Así como se ven las cosas, sospechamos que, el nuevo pueblo chango dentro de poco abrirá terapias que serán promocionadas bajo la retórica de lo "ancestral", lo "sagrado", activando una nueva forma de “orientalismo terapéutico”, donde, por ejemplo, tradiciones budistas, himalayas, o de cualquier otro tipo, al ser descontextualizadas, estetizadas y trivializadas serán operativas para satisfacer las demandas emocionales de sujetos modernos en crisis existencial. Los nuevos "cuencos tibetanos" inspirarán "cuencos changos", “herramientas mágicas” para alcanzar estados de relajación, desbloqueo energético o "armonización" vibracional, dentro de un discurso pseudocientífico que mezclará libremente conceptos de física cuántica, chakras, neuroplasticidad y mariscos.
A este entramado se suma una dimensión de subjetividad intensa y, en muchos casos, un delirio místico de reencantamiento identitario. La reapropiación de una supuesta "ancestralidad marítima" no solo responde a exigencias institucionales, sino también a procesos íntimos de búsqueda de sentido, redención histórica y pertenencia simbólica, que pueden adoptar formas cuasirreligiosas de creencia, ritualización y éxtasis identitario.
Todo esto conecta muy bien con una lógica neocolonial de consumo espiritual auxiliada por antropólogos y trabajadores sociales. Así, se reproduce una forma de consumo cultural extractivista, donde se toma y tomará de otras culturas aquello que resulta atractivo o exótico, despojándolo de su contexto ético, histórico y cosmológico. A esto se suma la circulación acrítica de imaginarios de "pureza étnica", que refuerzan estereotipos y relegan la complejidad social e histórica y surgen imágenes estetizadas y funcionales para el consumo emocional occidental, paralelo a instancias de etnopolítica para dialogar con mineras, termoeléctricas o empresas que construyen plantas desaladoras.

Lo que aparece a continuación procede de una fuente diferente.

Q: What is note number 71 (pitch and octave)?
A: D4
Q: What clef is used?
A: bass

El futuro médico “chango” (que hoy solo figura como “chaman”) será utilitario para centros holísticos que responderán a una lógica de mercantilización del sufrimiento moderno: en vez de enfrentar colectivamente las causas estructurales del malestar —como la precarización de la vida, el aislamiento social o la explotación laboral— se ofrecerán soluciones individuales, conectadas con la autoayuda, místicas y despolitizadas que apuntarán a "armonizar" el cuerpo, pero no a transformar el mundo.
En suma, la etnogénesis changa no debe ser comprendida simplemente como un fenómeno de reaparecimiento étnico, sino como un proceso profundamente situado en el entrecruzamiento entre el multiculturalismo neoliberal, la economía política del patrimonio y los regímenes visuales de la alteridad. Lejos de constituir una reapropiación autónoma y emancipadora, esta construcción identitaria opera dentro de marcos institucionales que reconfiguran formas de colonialismo interno. En este contexto, la autonomía se subordina a la lógica del reconocimiento estatal, mientras que el derecho a nombrarse y representarse a sí mismo queda subsumido en los lenguajes autorizados por el Estado, los dispositivos patrimoniales y los circuitos del mercado cultural.

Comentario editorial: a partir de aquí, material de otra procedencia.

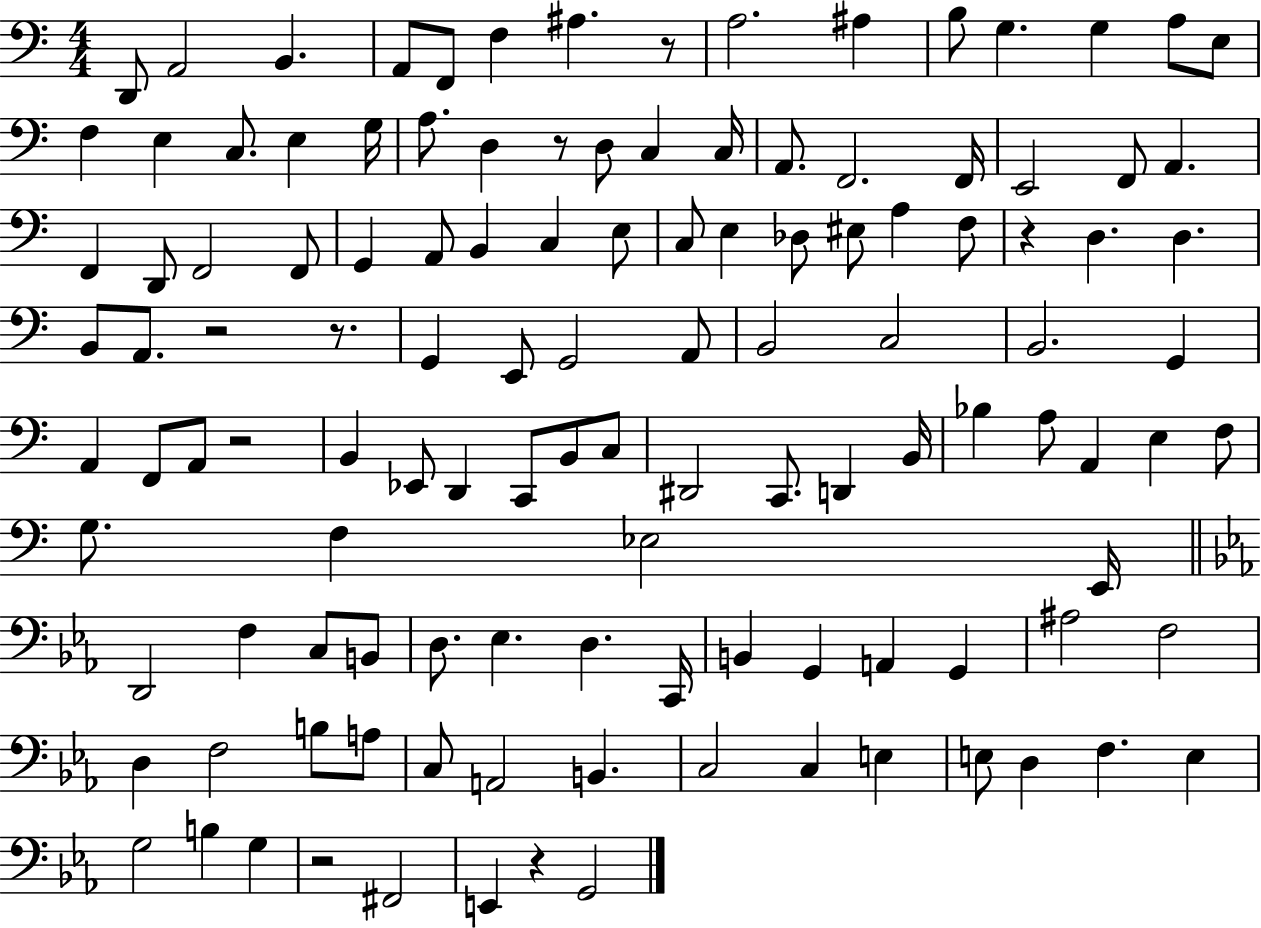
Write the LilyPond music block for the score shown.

{
  \clef bass
  \numericTimeSignature
  \time 4/4
  \key c \major
  d,8 a,2 b,4. | a,8 f,8 f4 ais4. r8 | a2. ais4 | b8 g4. g4 a8 e8 | \break f4 e4 c8. e4 g16 | a8. d4 r8 d8 c4 c16 | a,8. f,2. f,16 | e,2 f,8 a,4. | \break f,4 d,8 f,2 f,8 | g,4 a,8 b,4 c4 e8 | c8 e4 des8 eis8 a4 f8 | r4 d4. d4. | \break b,8 a,8. r2 r8. | g,4 e,8 g,2 a,8 | b,2 c2 | b,2. g,4 | \break a,4 f,8 a,8 r2 | b,4 ees,8 d,4 c,8 b,8 c8 | dis,2 c,8. d,4 b,16 | bes4 a8 a,4 e4 f8 | \break g8. f4 ees2 e,16 | \bar "||" \break \key ees \major d,2 f4 c8 b,8 | d8. ees4. d4. c,16 | b,4 g,4 a,4 g,4 | ais2 f2 | \break d4 f2 b8 a8 | c8 a,2 b,4. | c2 c4 e4 | e8 d4 f4. e4 | \break g2 b4 g4 | r2 fis,2 | e,4 r4 g,2 | \bar "|."
}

La dimensión económica del proceso no es secundaria: la etnogénesis se inserta en una matriz de valorización simbólica que convierte la identidad indígena en un recurso estratégico, rentable y gobernable. Se activa así una lógica de extractivismo cultural, donde el ser chango se vuelve una plataforma de acceso a fondos concursables, iniciativas de turismo étnico, industrias creativas o beneficios diferenciados, lo que incentiva una forma de emprendedurismo identitario funcional a los dispositivos neoliberales de gestión de la diversidad. De este modo, la "emergencia" changa no solo estetiza la diferencia, sino que la mercantiliza, la canaliza y la neutraliza, desactivando sus potencialidades políticas más disruptivas.